Whereas the normality assumption is only for the DV, the homogeneity of variance assumption is looking at the DV split by the IV.
We can test this assumption in three ways:
- Visualize the distribution of the DV across the groups of the IV
- Examine the variance values
- Levene’s test
We are going to learn about three different methods of checking homogeneity of variances. For your homework assignments, you should always use all three methods to check homogeneity of variances.
Note that sometimes the three tests do not always agree with one another. For example, everything might look good but the visual distribution does not look like they have equal variances or the Levene’s test might be statistically significant. In those cases, it is up to you as the researcher to make a judgment. Reasonable people do different things, but as long as you can back up your judgment then you’ll be fine.
Visualize the distribution of the DV across groups of the IV
First, we can look at the data points across groups. This can be done by choosing a plot in the Descriptives analysis and adding your IV to the “Split By” box. Then select Box Plot, Violin, Data (Jittered) under Plots.

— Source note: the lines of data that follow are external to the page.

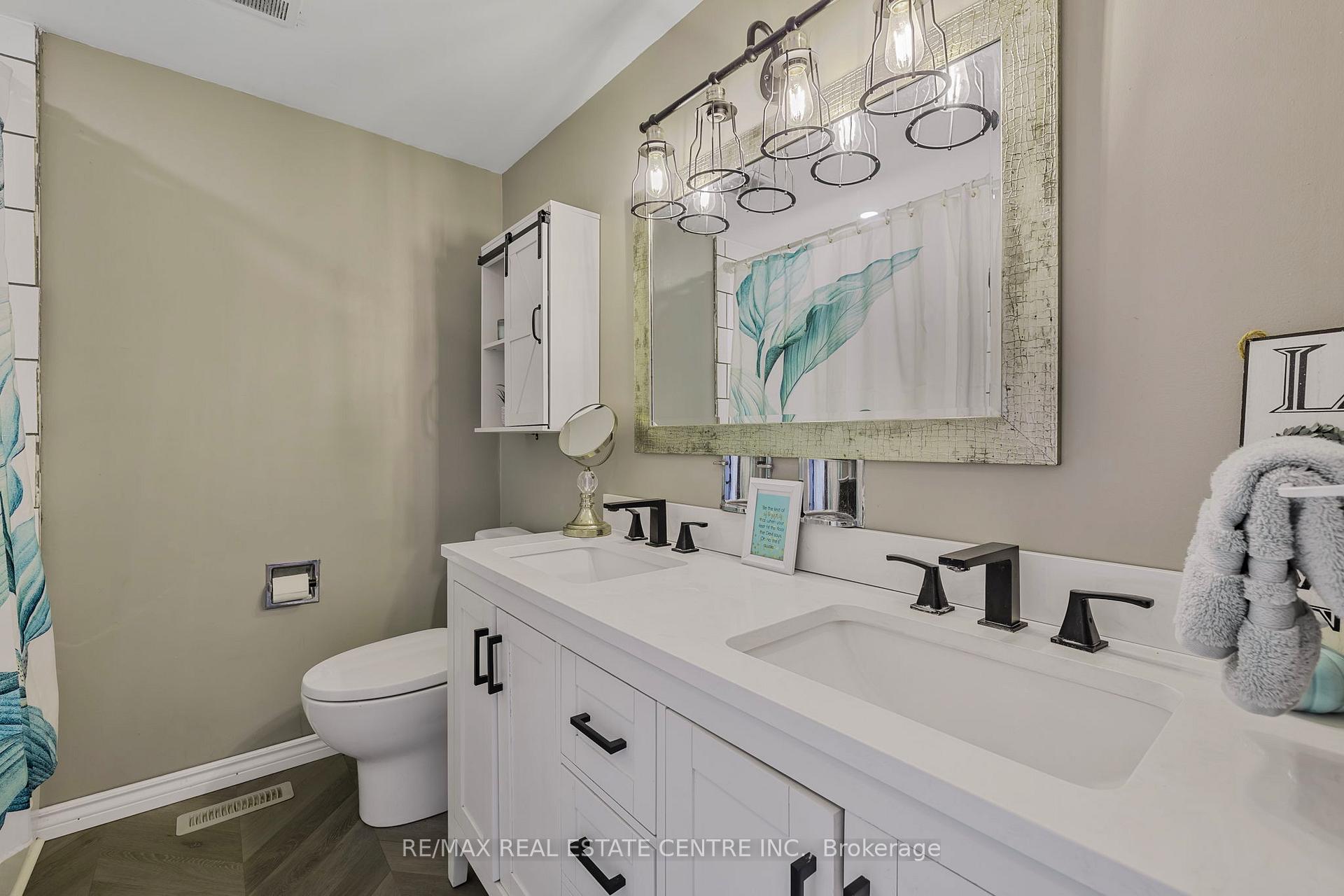 Photo 17 of 24 Carlton Drive, Orangeville — HOMEH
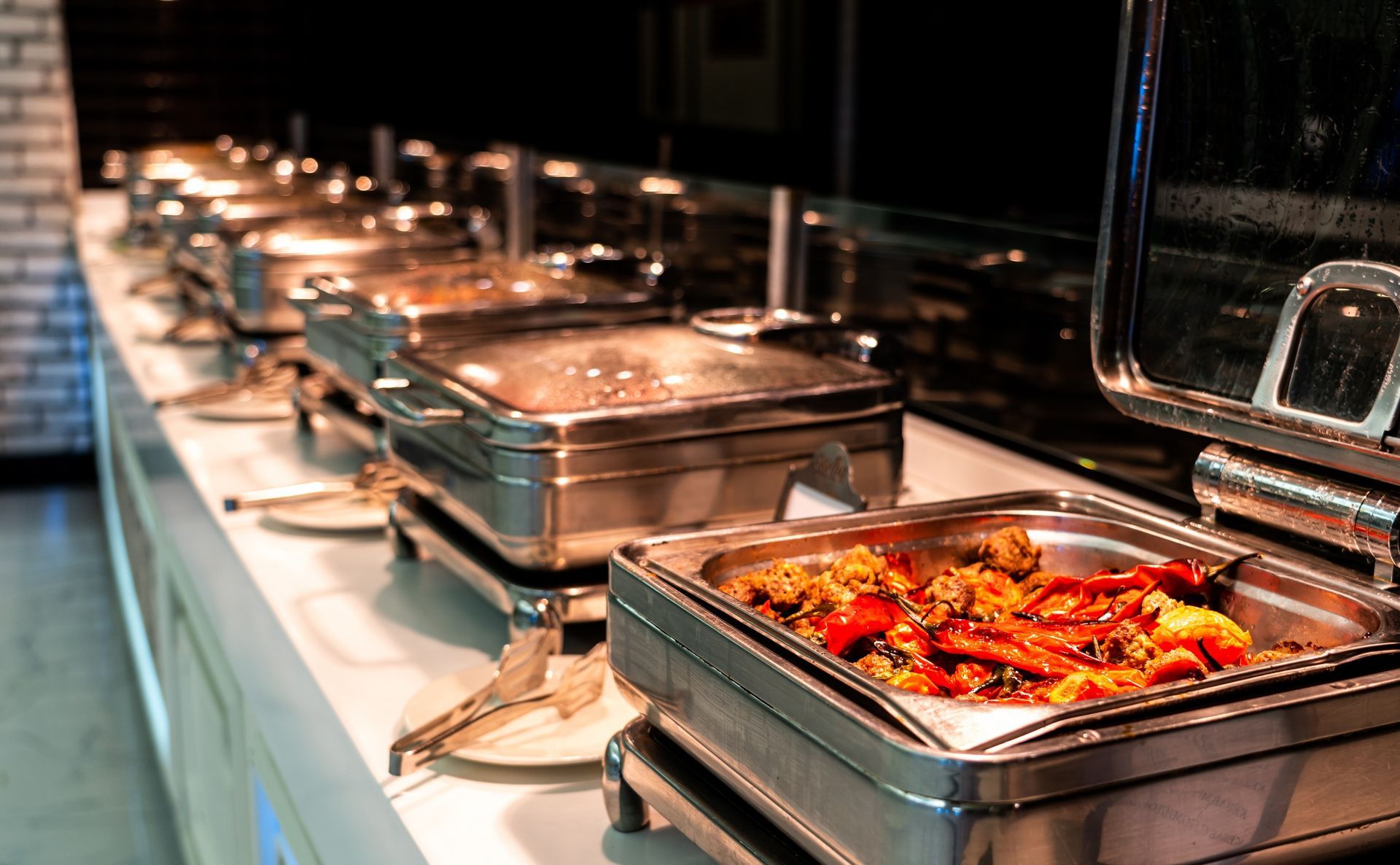 A row of stainless steel chafing dishes on a buffet line, with the closest container filled with cooked food.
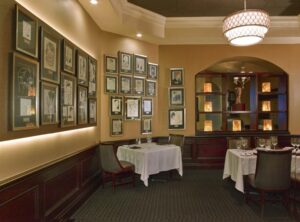 Caricatures hang on the wall at Jack's Place, an award-winning steakhouse and true hidden gem.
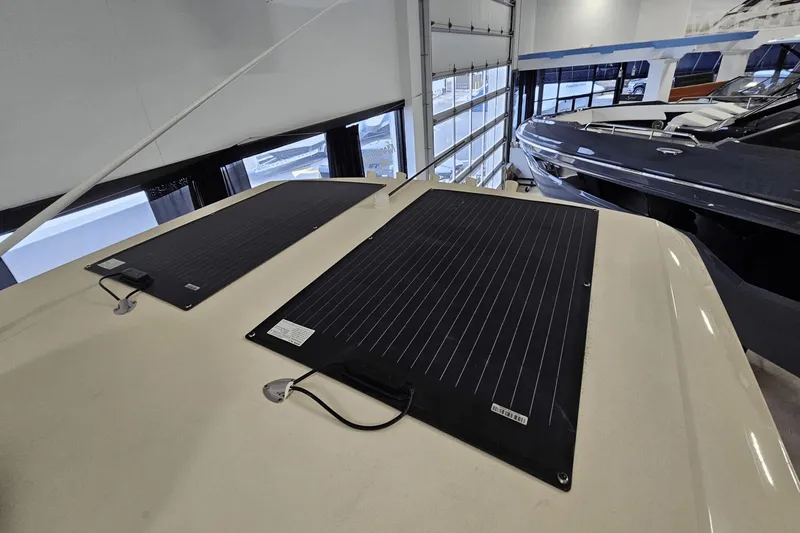Slide: The Image of 2024 Scout 305 LXF boat with solar panels on the roof in a showroom. - 43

For example, here’s an example of data that violates the assumption of homogeneity of variance (gender by mile time) because the variance in scores for females (coded as 1) is a lot wider than the variance in scores for males (0). I am looking at the data points and violin plot to see the spread; the 1 looks wider where as the 0 looks skinnier.
Examine the variances across groups
Similarly, in the Exploration –> Descriptives under Statistics you can ask for Variance after splitting the DV by the IV. The variance for Gender == 0 (male) is 6796.20 whereas the variance for Gender == 1 (female) is 15401.55. Females have 2.26 times greater variance compared to males. Clearly, there is much greater variability for females than males for time it takes to run the mile.
Levene’s test
When we perform inferential statistics that have the assumption of homogeneity of variance, in jamovi there will be a check box to check the assumption. It will perform Levene’s test.
However, you may be testing the assumption prior to running your analysis (or learning about inferential statistics just yet). In that case, to perform Levene’s test, go to Analyses then ANOVA then One-way ANOVA. Move your continuous variable to the Dependent Variables box and move your nominal variable to the Grouping Variable box. Check the box “homogeneity test.” Only report the results of Levene’s test; ignore the one-way ANOVA results!
Here’s the result of Levene’s test for the effect of gender on mile duration:
Levene’s | F | df1 | df2 | p |
---|---|---|---|---|
MileMinDur | 41.33 | 1 | 381 | <.001 |
Like the other tests above, a non-significant Levene’s test means we meet the assumption of homogeneity of variance. However, if Levene’s test is statistically significant, then we fail to meet the assumption of homogeneity of variance and have heterogeneity of variance. In this case, our test is statistically significant so, in combination with our plot above, we say we violated this assumption.
Just like the z-score and Shapiro-Wilk’s test, for Levene’s test we actually want non-statistically significant results here! That’s because the null is that there is homogeneity of variance, and we want our data to be homogeneous. So if our p > .05, we fail to reject the null hypothesis, and that suggests the data is homogeneous.
Recapping parametric assumptions
Let’s summarize the four assumptions and generally how to test for them:
- Interval or ratio (i.e., continuous) dependent variable
- Know your levels of measurement and make sure the dependent variable is continuous.
- Independent scores on the dependent variable
- Know your research design and how the data was collected. Make sure that one participant’s data isn’t thought to affect another participant’s data.
- Normal distribution of the dependent variable
Visualize the distribution with a histogram and/or density plot of the dependent variable
Test the skew and kurtosis by calculating the z-scores
Test using the Shapiro-Wilk test
Examine the Q-Q plot for deviations from the diagonal line
- Homogeneity of variances
- Visualize the distribution by a boxplot, violin plot, and/or data (jittered recommended) with the dependent variable split by the independent variable
- Examine the variances of the dependent variable split by the independent variable
- Test using Levene’s test